# YOUR ASSIGNMENT
Extract exactly and only the lines from the one containing "this 1140×615 image." through the end of the entries below. Pictures should not appear in the copy.
════════════════════
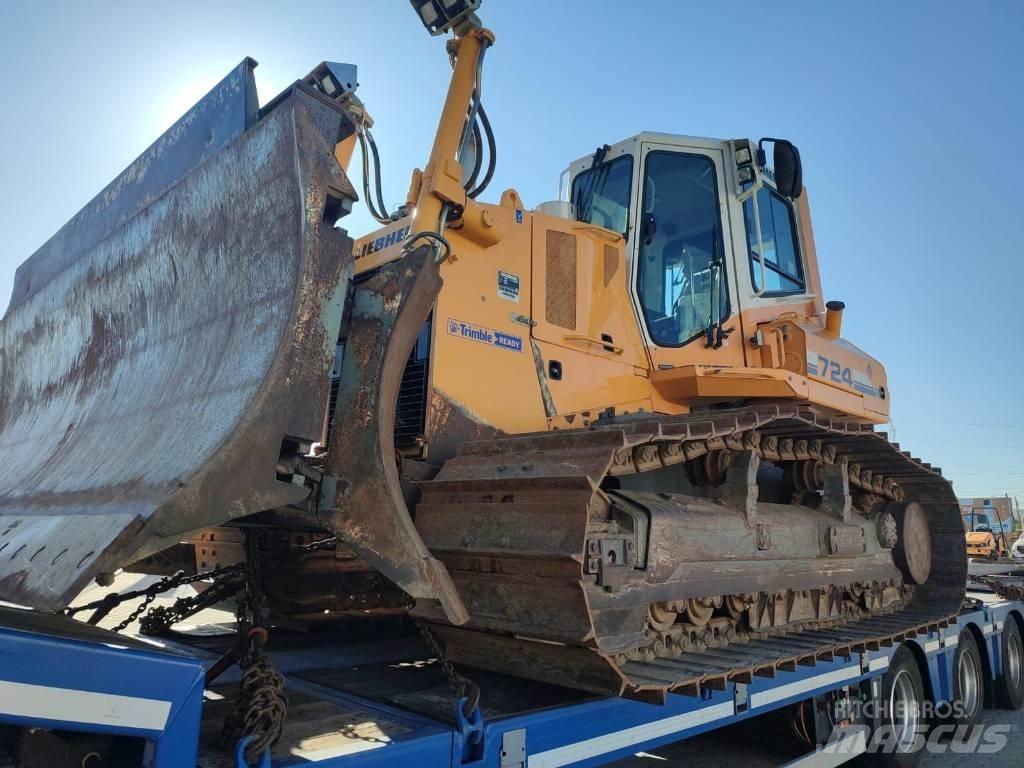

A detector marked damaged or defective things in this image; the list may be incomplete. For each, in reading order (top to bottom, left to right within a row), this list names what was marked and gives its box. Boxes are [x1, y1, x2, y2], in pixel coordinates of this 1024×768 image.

rusty dozer blade [0, 60, 360, 614]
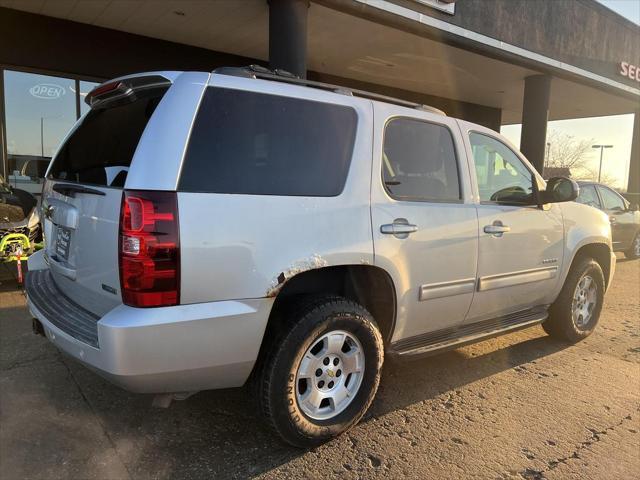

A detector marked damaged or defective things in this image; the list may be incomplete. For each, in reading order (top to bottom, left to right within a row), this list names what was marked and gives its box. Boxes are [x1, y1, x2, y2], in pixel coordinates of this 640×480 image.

cracked pavement [0, 258, 636, 480]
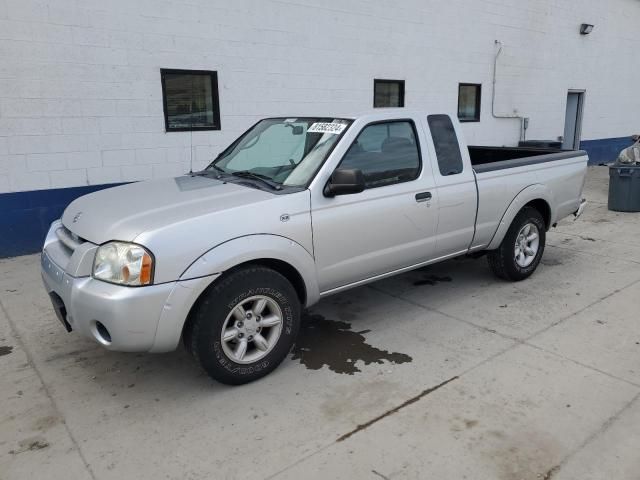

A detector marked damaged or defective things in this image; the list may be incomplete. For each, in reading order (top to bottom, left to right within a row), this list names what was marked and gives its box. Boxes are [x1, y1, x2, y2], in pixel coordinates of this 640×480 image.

pavement crack [338, 376, 458, 442]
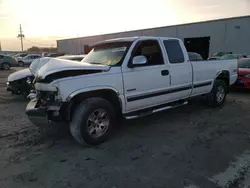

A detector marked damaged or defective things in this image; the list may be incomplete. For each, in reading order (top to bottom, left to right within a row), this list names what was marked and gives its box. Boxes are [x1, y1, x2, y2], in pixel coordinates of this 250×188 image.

bent hood [35, 58, 110, 79]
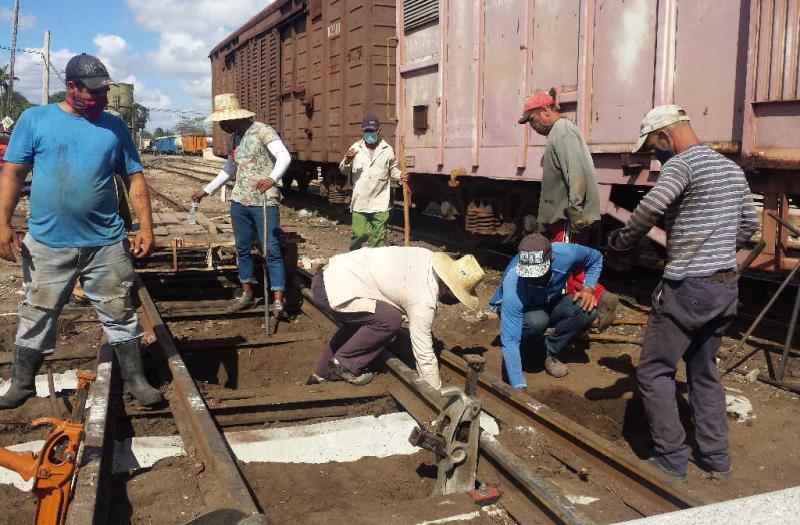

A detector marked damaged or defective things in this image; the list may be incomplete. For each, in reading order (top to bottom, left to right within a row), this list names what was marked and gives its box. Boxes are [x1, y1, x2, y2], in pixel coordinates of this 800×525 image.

rusty freight boxcar [206, 0, 394, 194]
rusty freight boxcar [396, 0, 800, 270]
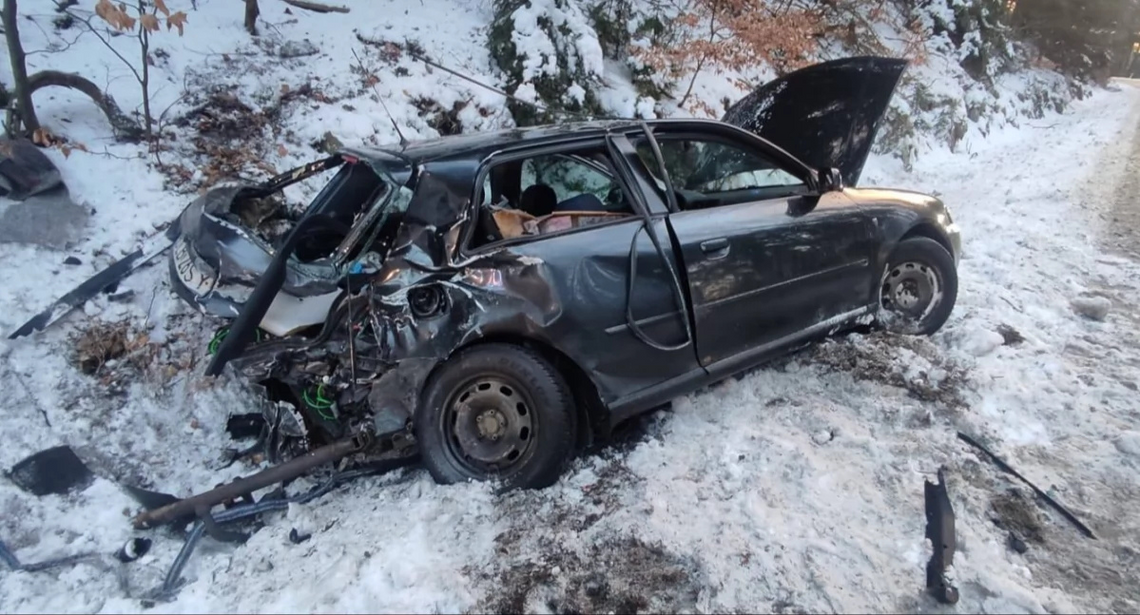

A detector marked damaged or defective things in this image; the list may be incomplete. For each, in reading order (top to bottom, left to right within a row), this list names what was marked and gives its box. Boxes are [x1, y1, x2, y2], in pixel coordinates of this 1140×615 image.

dented car body panel [165, 56, 957, 451]
wrecked gray car [165, 56, 957, 490]
rusted metal bar [131, 435, 367, 531]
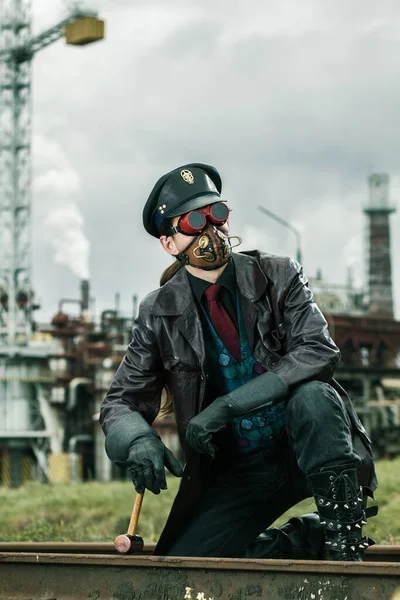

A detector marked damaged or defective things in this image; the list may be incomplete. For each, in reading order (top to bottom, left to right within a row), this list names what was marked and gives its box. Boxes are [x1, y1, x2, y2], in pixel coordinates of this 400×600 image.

rusty rail [0, 544, 398, 600]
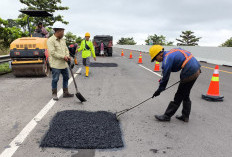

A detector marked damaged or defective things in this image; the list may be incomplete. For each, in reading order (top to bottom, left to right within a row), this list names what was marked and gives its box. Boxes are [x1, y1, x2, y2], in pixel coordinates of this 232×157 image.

fresh asphalt patch [40, 110, 123, 149]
════════════════════
# ANSWER TO THIS PROBLEM
A detector marked damaged or defective things in this image; the list may be incomplete. For each, in reading order (top to bottom, left to right within a row), this list names what was marked and gives its box. Boxes are [x1, y1, x2, y2], in pixel coordinates of this 1140×615 image.

dented car body panel [165, 56, 957, 451]
wrecked gray car [165, 56, 957, 490]
rusted metal bar [131, 435, 367, 531]

A detector marked damaged or defective things in this image; the list may be incomplete. For each, in reading order (top to bottom, left to right within a row), this list names what was marked and gives its box. Boxes are [x1, y1, x2, y2], in pixel coordinates of this 400×600 image.

rusty rail [0, 544, 398, 600]

A detector marked damaged or defective things in this image; the list may be incomplete. For each, in reading order (top to bottom, left to right within a row), this list names what was marked and gives its box. Boxes are [x1, y1, x2, y2], in pixel coordinates of this 232×157 image.

fresh asphalt patch [40, 110, 123, 149]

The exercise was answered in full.